From Saints and Scholars (the Reform Ireland blog):
Today was a short day at GAFCON, but a highly significant day. Details will be released later by the GAFCON leadership, but what can be said is that decisions are being taken by those at GAFCON in a very tangible atmosphere of prayer, joy and worship. Not only is there a deep sense of fellowship in Christ, but also there is a huge desire to move forward under the Lordship of Christ to accomplish his mission in the world.
Yesterday, a wonderful aspect of the corporate worship of GAFCON was the marvellous singing led by the members of the Mothers’ Union Choir of Nigeria. But even that was trumped by a choir of four south American bishops, one toting a guitar, leading in a time of joyful praise - in spanish!

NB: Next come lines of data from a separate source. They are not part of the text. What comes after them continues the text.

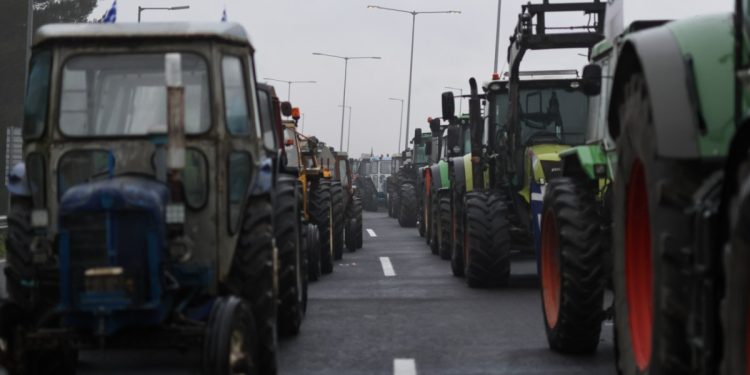 Αγρότες: Χιλιάδες τρακτέρ στους δρόμους, «η πιο μεγάλη κινητοποίηση από το 2016» – Στα σκοινιά η κυβέρνηση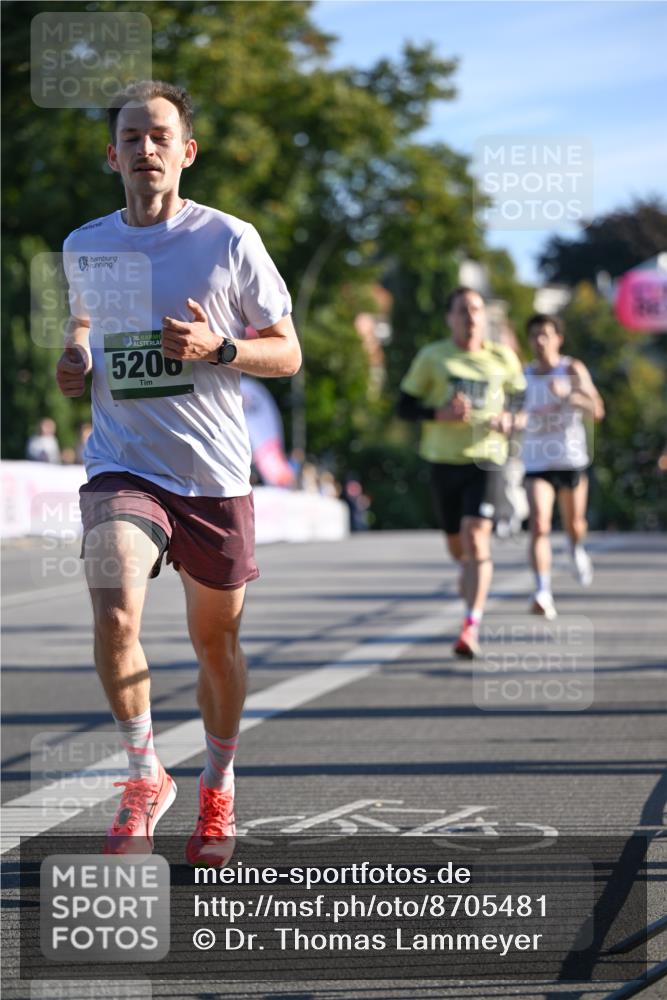 07.09.2025 - BARMER Alsterlauf Dr. Thomas Lammeyer http://msf.ph/oto/8705481 07.09.2025 09:20:50 Laufen 36, 5206 meine-sportfotos.de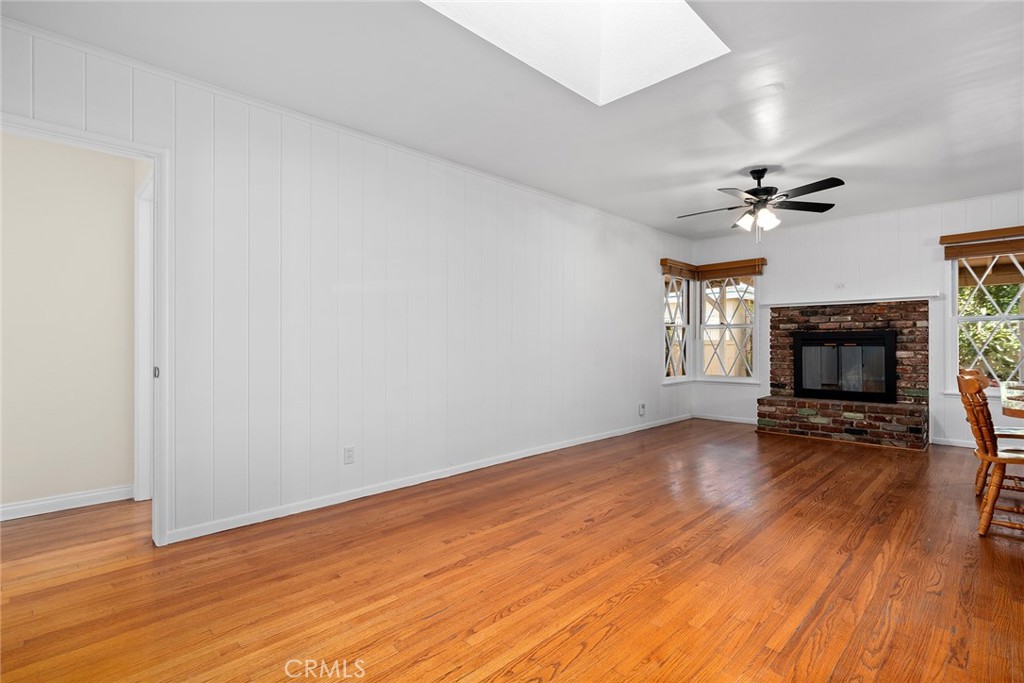 11437 Norlain Avenue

Joyful as the fellowship is at GAFCON, it is most certainly not a spiritual ‘jamboree’. There is a serious determination to be about the heavenly Father’s business and this is expressed in the workshops, the plenary sessions, and in casual conversations.
Those who profess faith in Christ and are suspicious, or dismissory, or sceptical, or fearful, or downright hostile to GAFCON, should pause to think what exactly they are doing. Here at GAFCON are joyful, committed believers in Christ, faithful Anglicans, intensely loyal to the teachings of the Scripture as expressed in the formularies of Anglicanism: here, amongst the throng at GAFCON are some of Anglicanism’s best scholars and leaders; here are some of Anglicanism’s best evangelists; and here are people committed to godly living in Christ Jesus. What’s bad about that? Are those who sneer at or dismiss GAFCON jealous of the vitality and christian determination of the churches represented here? Do they feel threatened by the Gospel emphasis of GAFCON? If so, how then can they claim with any integrity to really have faith in Christ? They should be rejoicing at GAFCON, not keeping it at arm’s length!

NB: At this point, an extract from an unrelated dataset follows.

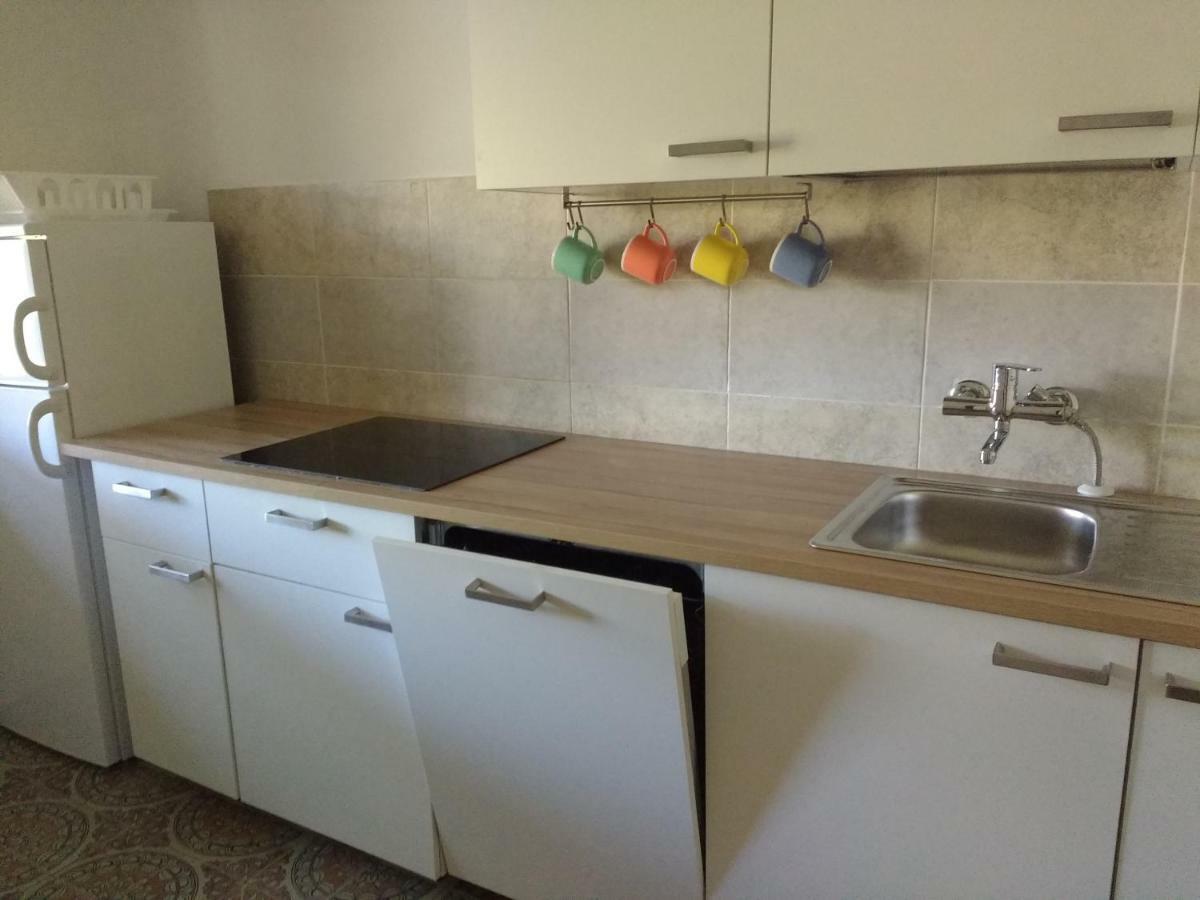 Apartments Bassi Стара Башка Екстер'єр фото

GAFCON represents a movement that, under God, will renew Anglicanism and take it forward in serving Christ in the world. Isn’t that what those who have the Gospel at heart and the best interests of the Church of Ireland want to do? Then, if that is so, the decisions and statements of GAFCON should rejoice the heart and cause us in the Church of Ireland to want to align ourselves in joyful committment to the Gospel imperatives they reflect.